The data Block Start

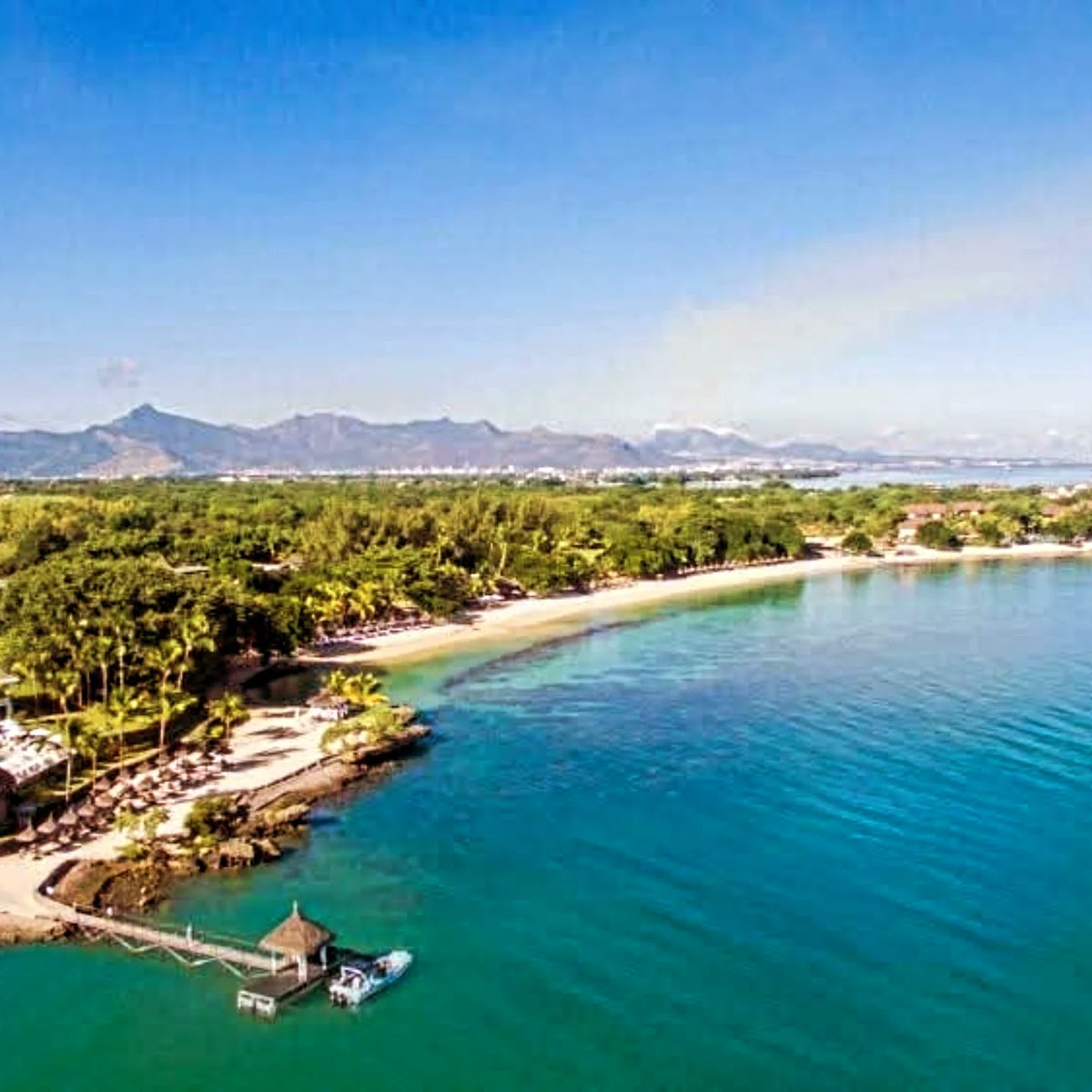 TAGTravel_Za's tweet photo. See Easter in the Tropical Paradise ~ An Ideal Island Getaway!
quote@hashtagholidays.co.za
+27117595100
#2026escapes #Mauritius2026 #letsgetgoing #hashtagholidays https://t.co/tW6nNv9emZ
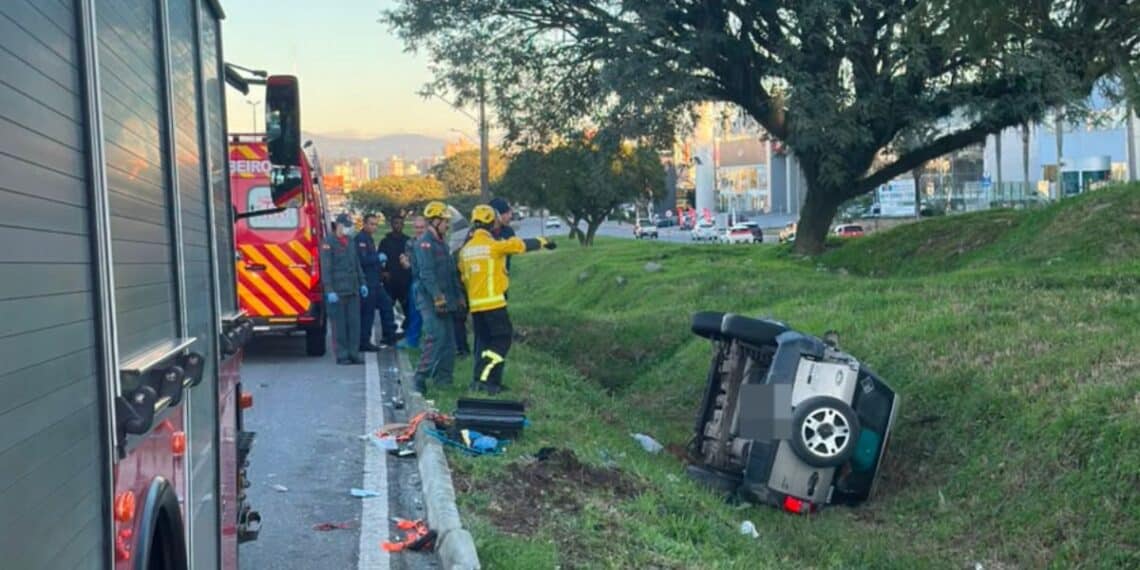 Carro capota na Via Expressa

The data Block End

> _Description of the task_: Your answer should be every line from the material above in which the word "hashtagholidays" appears.

> _Exercise answer_:
quote@hashtagholidays.co.za
#2026escapes #Mauritius2026 #letsgetgoing #hashtagholidays https://t.co/tW6nNv9emZ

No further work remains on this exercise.